What you should do → Begin at the line below that has "A copper pot". Stop after the line that has "Close-up of rainbow", repeating each line exactly and leaving out the pictures.

Raw data →
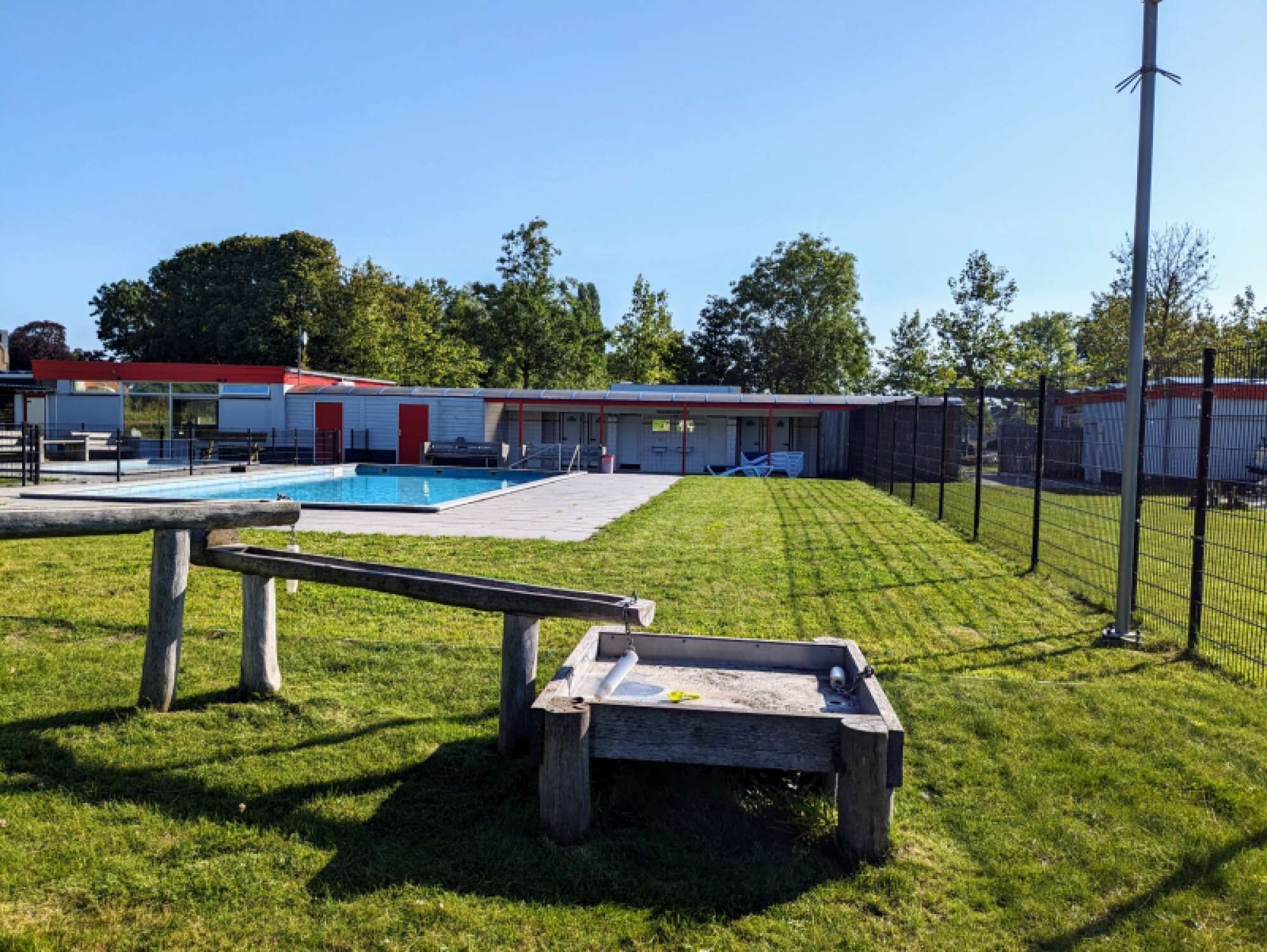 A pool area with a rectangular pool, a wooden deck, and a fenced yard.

--

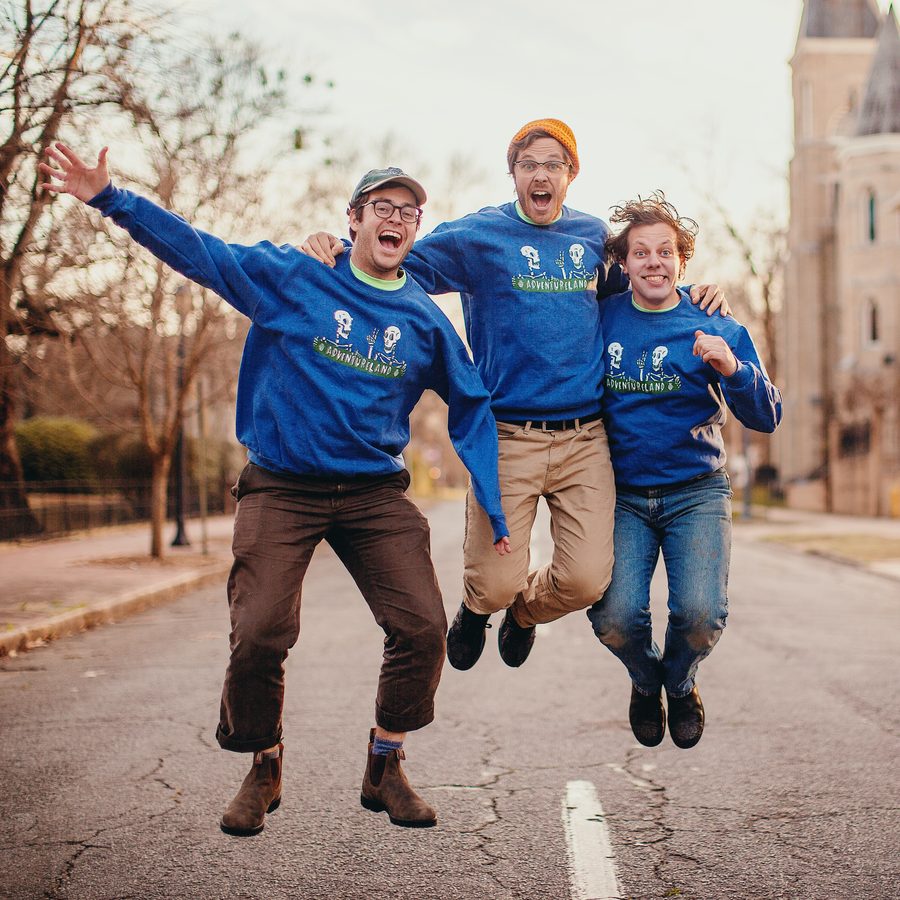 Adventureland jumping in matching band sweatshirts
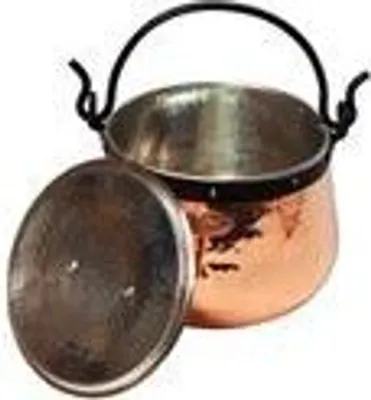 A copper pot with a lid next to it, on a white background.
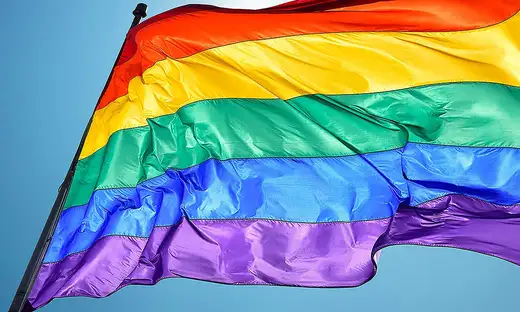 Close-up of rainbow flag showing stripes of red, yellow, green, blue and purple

---

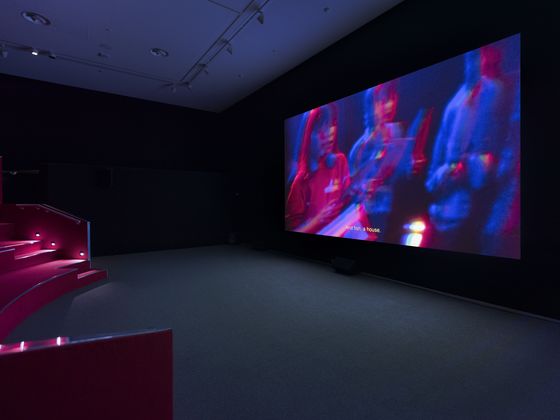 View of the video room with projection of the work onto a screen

Written solution →
 A copper pot with a lid next to it, on a white background.
 Close-up of rainbow flag showing stripes of red, yellow, green, blue and purple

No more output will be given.